***** SOURCE DATA
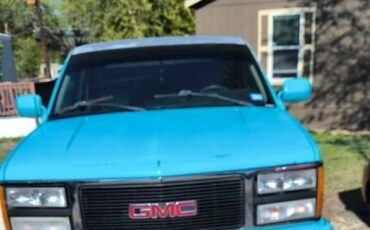 Gmc-1500-1992-Turquoise-Gray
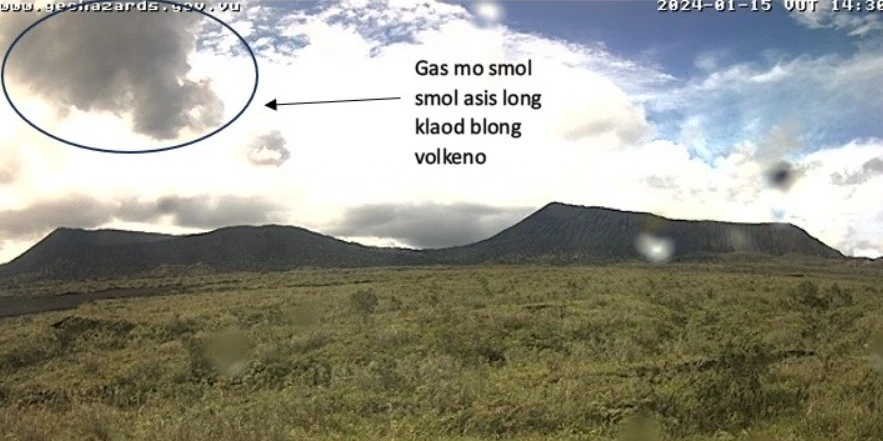 Eruption inside Benbow crater, Alert Level for Ambrym volcano raised to 3, Vanuatu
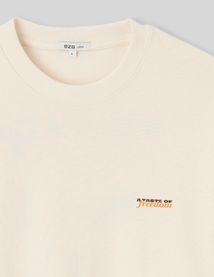 T-shirt imprim&eacute; devant / dos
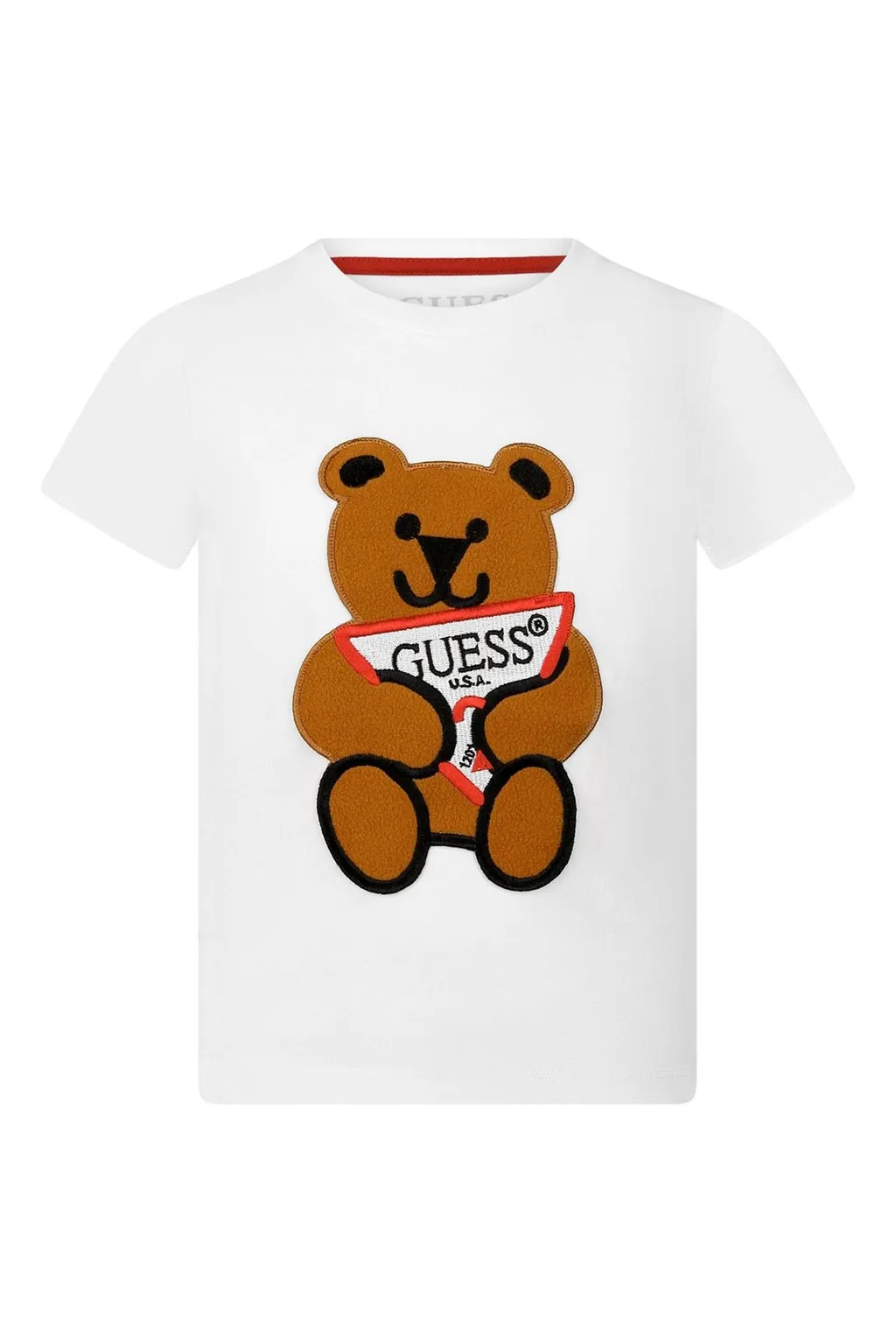 Guess Teddy Bear Embroidered Crewneck T-Shirt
**********
• EXERCISE DETAILS: Apart from the images, reproduce the listing exactly as it appears.

• EXPECTED ANSWER:
 Gmc-1500-1992-Turquoise-Gray
 Eruption inside Benbow crater, Alert Level for Ambrym volcano raised to 3, Vanuatu
 T-shirt imprim&eacute; devant / dos
 Guess Teddy Bear Embroidered Crewneck T-Shirt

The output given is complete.